Scientists long have known that nonhuman primates carry their own version of the AIDS virus, called SIV or simian immunodeficiency virus. But with one exception, it had been found only in captive chimpanzees, particularly a subspecies that in the wild populates mostly West Africa.
It was not known how prevalent the virus was in chimps in the wild, or how genetically or geographically diverse it was, complicating efforts to pin down the jump from animal to man.
Hahn's team tested chimp feces for SIV antibodies, finding them in a subspecies called Pan troglodytes troglodytes in southern Cameroon.
Chimps tend to form geographically distinct communities. By genetically analyzing the feces, researchers could trace individual infected chimps. The team found some chimp communities with infection rates as high as 35 percent, while others had no infection at all.
Every single infected chimp had a common base genetic pattern that indicated a common ancestor, Hahn said.
There are three types of HIV-1, the strain of the human virus responsible for most of the worldwide epidemic. Genetic analysis let Hahn identify chimp communities near Cameroon's Sanaga River whose viral strains are most closely related to the most common of those HIV-1 subtypes.
"The genetic similarity was striking," Hahn said.
The first human known to be infected with HIV was a man from Kinshasa in the nearby country of Congo who had his blood stored in 1959 as part of a medical study, decades before scientists knew the AIDS virus existed.
Presumably, someone in rural Cameroon was bitten by a chimp or was cut while butchering one and became infected with the ape virus. That person passed it to someone else.
The Sanaga River long has been a commercial waterway, for transporting hardwood, ivory and other items to more urban areas.

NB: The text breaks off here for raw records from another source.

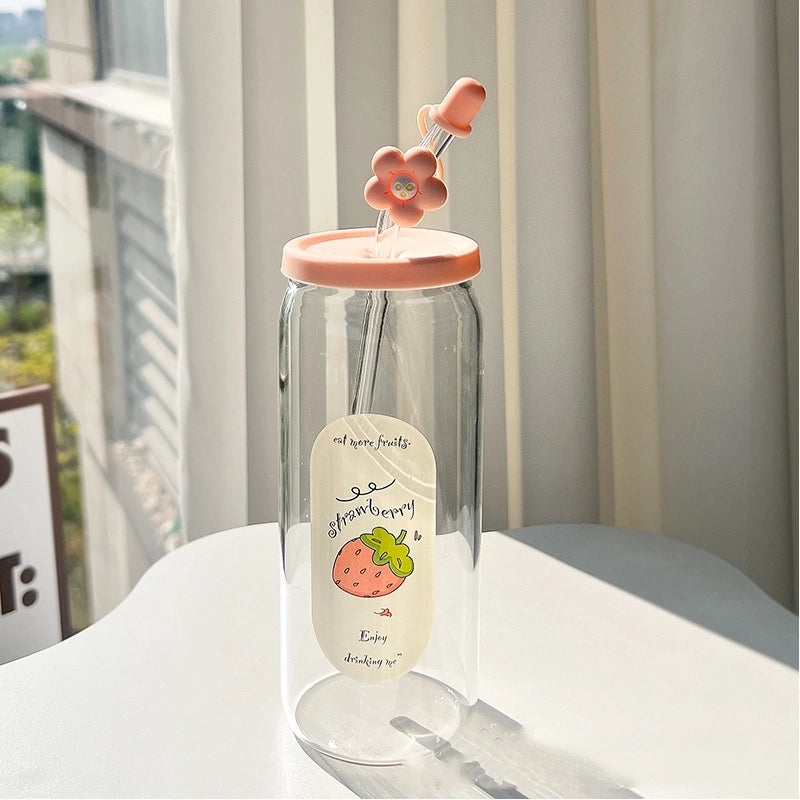 Casual Elegant Flower High Borosilicate Glass Glass 1 Piece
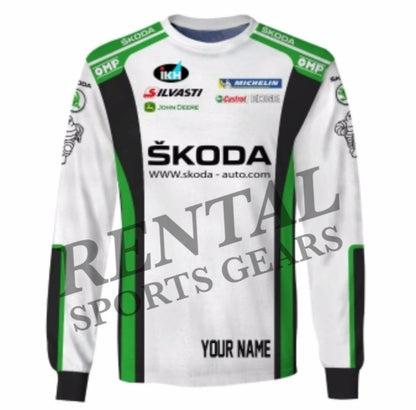 Skoda Racing Car Rallying Branded Unisex Shirt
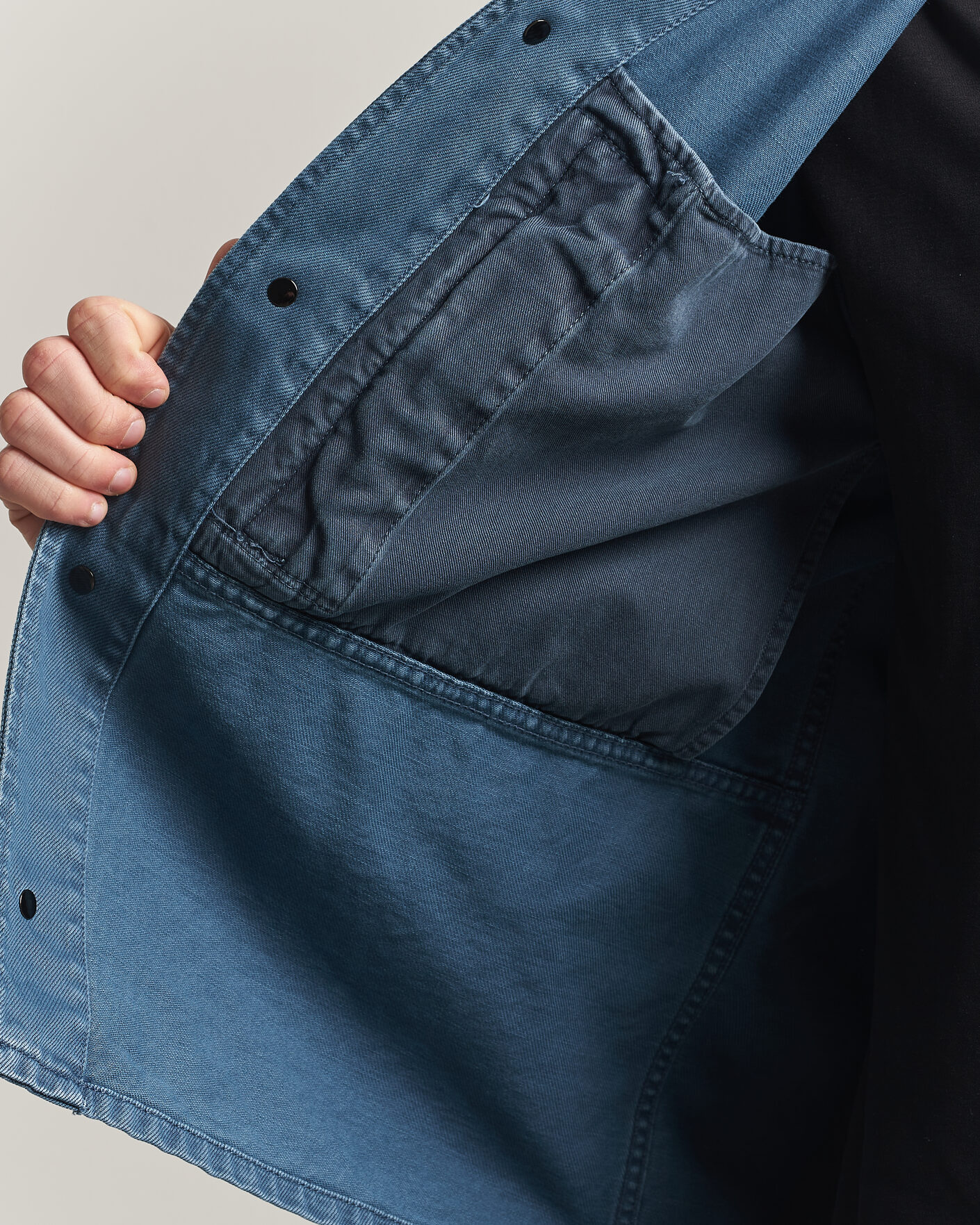 Herre | Skjorter | Stone Island | Denim Overshirt Indigo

Eventually, someone infected made it to Kinshasa.
"How many different transmission events occurred between that initial hunter and this virus making it to Kinshasa, I don't know. It could have been one, it could have been 10, it could have been 100," Hahn said. "Eventually, it ended up in an urban area, and that's where it really got going."
Somewhere in all that spread, the virus became more deadly to people than it is to chimps, who seldom are bothered much by SIV.
The research seems to settle any question of HIV's origin, said Dr. Anthony Fauci, the National Institutes of Health's AIDS chief.
When tracing a virus' evolution, "it's important to get as close to the source as you can," he said. "It's of historic interest."